Location: Crop Bioprotection ResearchTitle: Vine kill interval and temperature effects on Fusarium dry rot development in Russet Burbank Author
Submitted to: Meeting Abstract
Publication Type: Abstract Only
Publication Acceptance Date: 7/19/2015
Publication Date: 7/23/2015
Citation: Woodell, L., Olsen, N., Schisler, D.A., Slininger, P.J. 2015. Vine kill interval and temperature effects on Fusarium dry rot development in Russet Burbank. Meeting Abstract. Interpretive Summary:
Technical Abstract: Fusarium dry rot disease development in potato storage is universal to all market sectors and regions. The objective of this 2-year study was to evaluate three possible management decisions that may impact Fusarium dry rot development in storage: a) vine kill to harvest time, b) harvested tuber pulp temperature, and c) final storage temperature. Russet Burbank tubers grown at Kimberly, Idaho were either not killed, or mechanically vine killed at 4 weeks or 2 weeks before harvest.
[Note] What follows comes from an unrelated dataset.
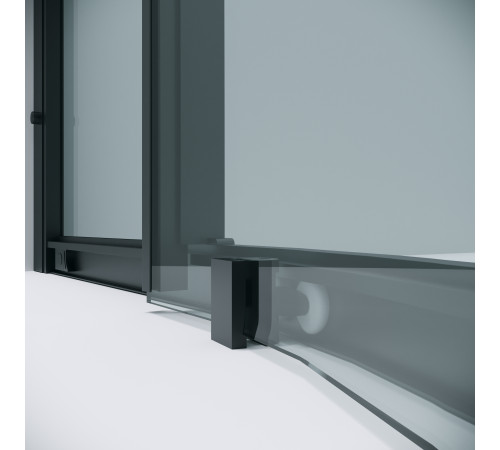 Душевое ограждение Grossman Cosmo 301.K33.02.9090.21.00 (90х90х195) четверть круга,раздвижная,черный матовый,стекло прозрачное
Yield, grade, specific gravity, bruise susceptibility and processing quality, as indicated by sugar concentrations and fry color, were evaluated at harvest. Processing quality was also monitored periodically during storage. Subsamples from the 2-week vine kill treatment were split into two additional studies to produce 1) pulp temperature treatments of 7.2, 12.8 or 18.3ºC, or 2) final holding temperature treatments of 4.4, 5.6, 7.2 or 8.9 ºC. Storage samples were inoculated with Fusarium sambucinum, cured at 12.8°C (95%RH), and ramped 0.3°C/day to 7.2°C for the field and pulp temperature studies. Tubers were evaluated for percent incidence and severity of dry rot infection. There were limited differences between vine kill treatments on tuber quality and yield. In one year processing quality was lower with the 4 week vine kill treatment at harvest and in storage. There were no differences in dry rot incidence or severity due to vine kill interval, harvested tuber pulp temperature, or final storage temperatures. Fusarium dry rot decay in storage did not appear to be greatly affected by tuber maturity, pulp or storage temperatures. Additional management strategies need to be assessed to minimize decay development. (Oral, Extension, Production and Management, PAA membership #38).